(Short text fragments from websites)
※ ※ ※
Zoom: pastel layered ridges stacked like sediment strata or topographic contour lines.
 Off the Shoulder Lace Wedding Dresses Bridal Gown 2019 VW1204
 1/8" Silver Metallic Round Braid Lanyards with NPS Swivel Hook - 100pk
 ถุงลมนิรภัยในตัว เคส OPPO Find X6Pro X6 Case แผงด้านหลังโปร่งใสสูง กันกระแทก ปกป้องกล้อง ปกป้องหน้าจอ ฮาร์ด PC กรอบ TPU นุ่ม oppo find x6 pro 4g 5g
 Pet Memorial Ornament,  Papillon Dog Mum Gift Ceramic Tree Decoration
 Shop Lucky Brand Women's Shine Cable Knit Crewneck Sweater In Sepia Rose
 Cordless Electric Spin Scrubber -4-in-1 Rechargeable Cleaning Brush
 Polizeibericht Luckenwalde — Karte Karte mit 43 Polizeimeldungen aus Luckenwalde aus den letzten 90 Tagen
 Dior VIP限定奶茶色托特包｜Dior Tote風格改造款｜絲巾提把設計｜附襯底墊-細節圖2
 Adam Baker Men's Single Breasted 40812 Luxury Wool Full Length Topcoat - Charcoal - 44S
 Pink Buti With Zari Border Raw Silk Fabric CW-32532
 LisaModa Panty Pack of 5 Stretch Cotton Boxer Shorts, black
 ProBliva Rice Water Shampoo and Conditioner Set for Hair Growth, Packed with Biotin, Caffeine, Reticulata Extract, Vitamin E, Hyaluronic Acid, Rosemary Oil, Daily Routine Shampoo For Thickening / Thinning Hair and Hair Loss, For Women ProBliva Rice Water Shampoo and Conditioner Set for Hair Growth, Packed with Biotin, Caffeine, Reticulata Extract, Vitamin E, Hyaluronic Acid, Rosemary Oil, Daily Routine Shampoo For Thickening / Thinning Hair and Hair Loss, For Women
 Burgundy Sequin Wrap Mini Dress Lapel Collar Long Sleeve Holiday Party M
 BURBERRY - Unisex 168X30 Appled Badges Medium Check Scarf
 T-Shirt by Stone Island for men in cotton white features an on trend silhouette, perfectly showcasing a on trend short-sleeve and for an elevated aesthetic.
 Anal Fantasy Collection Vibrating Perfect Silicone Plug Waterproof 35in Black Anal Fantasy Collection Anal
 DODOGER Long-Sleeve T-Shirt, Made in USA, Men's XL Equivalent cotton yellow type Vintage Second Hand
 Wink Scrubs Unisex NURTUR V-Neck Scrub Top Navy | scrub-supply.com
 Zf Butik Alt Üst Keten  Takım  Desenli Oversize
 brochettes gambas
※ ※ ※
- Exercise:
Among the records above, extract exactly the lines from the line with "T-Shirt by Stone" to the line with "DODOGER Long-Sleeve T-Shirt, Made", both lines included, and leave out the rest.

- Reply to the task:
 T-Shirt by Stone Island for men in cotton white features an on trend silhouette, perfectly showcasing a on trend short-sleeve and for an elevated aesthetic.
 Anal Fantasy Collection Vibrating Perfect Silicone Plug Waterproof 35in Black Anal Fantasy Collection Anal
 DODOGER Long-Sleeve T-Shirt, Made in USA, Men's XL Equivalent cotton yellow type Vintage Second Hand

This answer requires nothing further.